[Met Tour] CID:225300

Don Giovanni
Hynes Civic Auditorium, Boston, Massachusetts, Sat, April 24, 1971

Don Giovanni (290)
Wolfgang Amadeus Mozart | Lorenzo Da Ponte
Don Giovanni
Cesare Siepi

Donna Anna
Edda Moser

Don Ottavio
Stuart Burrows

Donna Elvira
Teresa Zylis-Gara

Fernando Corena

Rosalind Elias

Theodor Uppman

John Macurdy

Kurt Adler

Review 1:

Review of Wesley Fuller in the Sunday Herald Traveler

Met Opera Closes with 'Don Giovanni'

A uniformly strong cast, fine, often enchanting sets, splendid costumes, and fluid, intelligent direction made the Metropolitan Opera's production of Mozart's "Don Giovanni" Saturday evening a cause for rejoicing. (There was one rather serious difficulty which kept the performance from being truly great; more on that later). It was the final performance of the company's one week stand at Hynes Civic Auditorium. As usual the hall was filled.

First, let's rejoice that this Opera exists, that Mozart, at the zenith of his powers, shaped these glorious melodies, affecting modulations, intricate ensembles and fast paced Finales; that his librettist, Lorenzo da Ponte, worked with him to transcend earlier versions of the legend into a moving depiction of the last days and final downfall of the unrelenting Giovanni.

The cast was in superb form. It is no news that Cesare Siepi's Giovanni is of the highest order. It was on Saturday night; the voice was full and vibrant, and he acted the part so that one shared his hedonistic intensity while wincing at its effects. Siepi's final scene produced a Giovanni who is frightened, running out of clever escapes and, finally, courageous and consistent.

All three women received excellent portrayals. Mozart achieves amazing musical differentiation between them, and the unique physical and vocal image of each singer further heightened the individuality of the characters.

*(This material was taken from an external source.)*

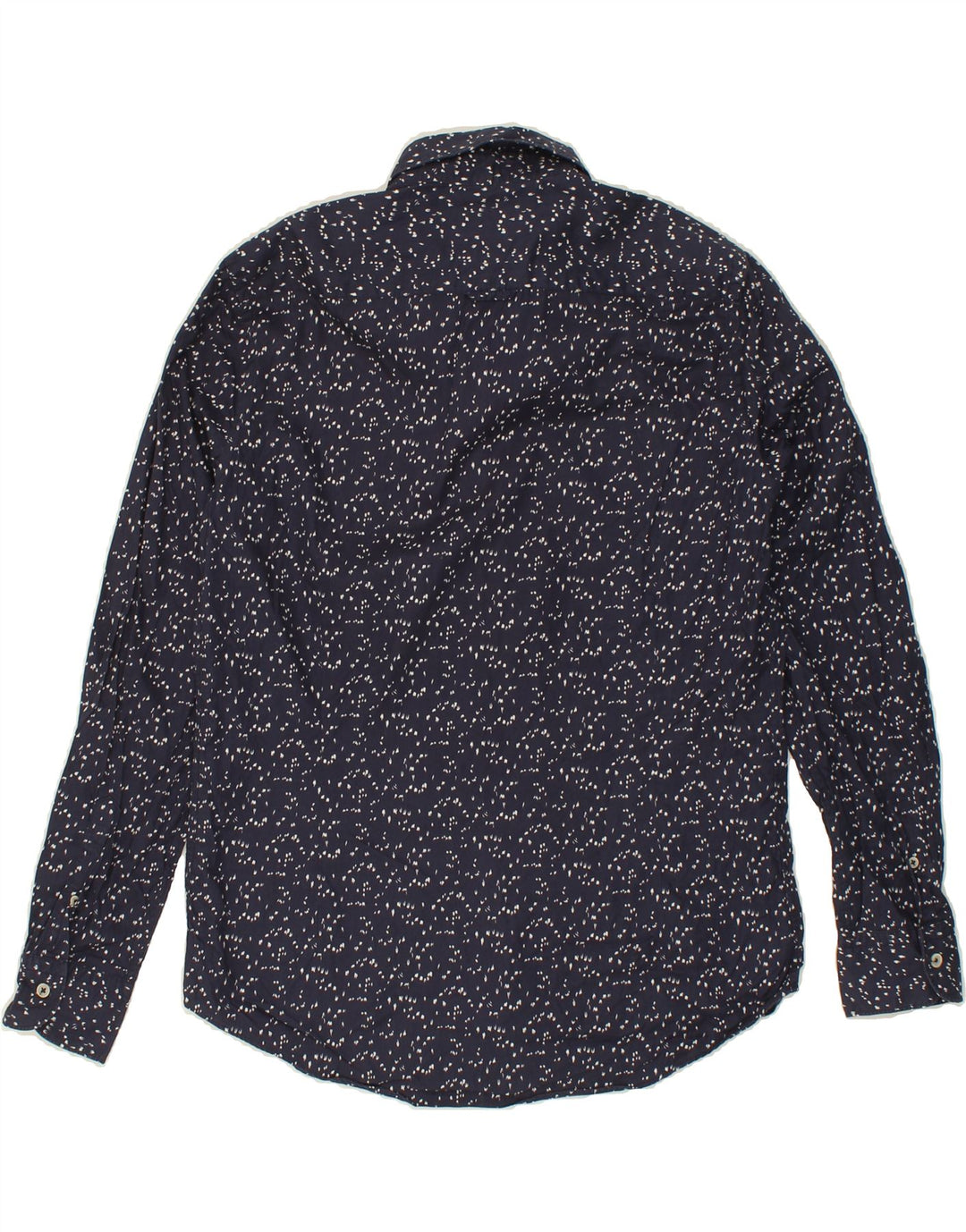 MASSIMO DUTTI Mens Abstract Pattern Shirt Large Navy Blue Cotton Vintage Massimo Dutti and Second-Hand Massimo Dutti from Messina Hembry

Teresa Zylis-Gara's Donna Elvira was sung with free, unencumbered production. There were some problems of projection in the lower range, but the important thing is that she developed an Elvira of strength, compassion, and, in the final scene, of pathos. The warmth and fullness of her voice merged beautifully with the conception of the character.

Edda Moser as the somewhat more enigmatic Donna Anna displayed more than ample Mozartian vocal technique. Her last aria not only produced her finest tone of the evening, but also dazzled with agility. This voice is bright and incisive, not as warm as Zylis-Gara's, but very right in its shimmer for Donna Anna. When she was angry on a high note, it was vocally and dramatically exciting.

The resonant ring of Rosalind Elias' voice only occasionally narrowed into sharp edges and her portrayal of Zerlina was extremely convincing. Theodor Uppman provided a stumbling, easily angered, easily calmed Masetto. He sang well and his scenes with Zerlina were charming without being overly coy.

Don Ottavio is hardly developed as a character in the book, but when his two lovely arias are delivered with the clear, flexible tenor artistry of Stuart Burrows it simply doesn't matter. This was the finest tenor singing this listener heard all week, and in some time for that matter. The audience agreed and came close to demanding a second "Dalla sua pace." The melismas in "Il mio tesoro" were full of grace and clarity of tone. The voice can be lyric and still quite dramatic.

Fernando Corena excelled as Leporello. Mozart has already lifted the servant far above the buffa level, and Corena takes him still further into a combination of the comic and the concerned. John Macurdy sang an appropriately stony Commendatore. Some notes lacked projection in the final scene, but the color and style were chilling.

If only it were not necessary to say, as it is, that with all that magnificence on stage, there was a serious problem in the performance and it lay with the conductor and the orchestra. The overture scarcely resembled the intentions of Mozart with much too slow a tempo, with ritards abounding, lack of ensemble, and thin violin tone.

When singers set superb tempos on stage, and there was a chance to roll a bit, Conductor Kurt Adler simply ignored them and the result was frequent separation of singer and orchestras. This could not destroy this "Don Giovanni," but it certainly kept it from being the truly satisfying one it might have been.